Innovative back-contact for Sb2Se3-based thin film solar cells

Among the most promising material for thin-film photovoltaics, Sb2Se3 (ASe) plays a pivotal role, being constituted of Earth-abundant elements and owing to its optical and electrical properties. Recently, ASe solar cells exhibited relatively good photovoltaic performances, reaching a considerable efficiency close to 9 %. Despite these remarkable results, much is still to be investigated, particularly regarding the active materials, interfaces, and electrical contacts. In this study we propose an alternative back contact for ASe solar cells. It is based on Fe, S and O elements, and was deposited at room temperature by radiofrequency magnetron sputtering.

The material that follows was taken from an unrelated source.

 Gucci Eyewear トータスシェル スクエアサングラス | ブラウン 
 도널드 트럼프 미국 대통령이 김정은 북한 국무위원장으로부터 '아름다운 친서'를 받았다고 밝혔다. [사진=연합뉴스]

XRD and Raman measurements revealed that it is actually made of two materials: Fe3O4, in orthorhombic and cubic phases and FeS in troilite phase. This material provided an ohmic contact on top of the ASe film; its contact resistivity, extrapolated from current vs voltage characteristics of complete ASe-based solar cells, was estimated to be 0.8 Omega center dot cm(2). Monitoring the photovoltaic parameters, we observed a negligible average change after three months.

Automated summary

Among promising thin-film photovoltaic materials, Sb2Se3 (ASe) shows great potential due to its abundance of Earth elements and favorable optical and electrical properties. In this study, a Fe-S-O based back contact was proposed for ASe solar cells, which exhibited an ohmic contact and a contact resistivity of 0.8 Omega center dot cm(2). The performance of the solar cells remained stable after three months of testing.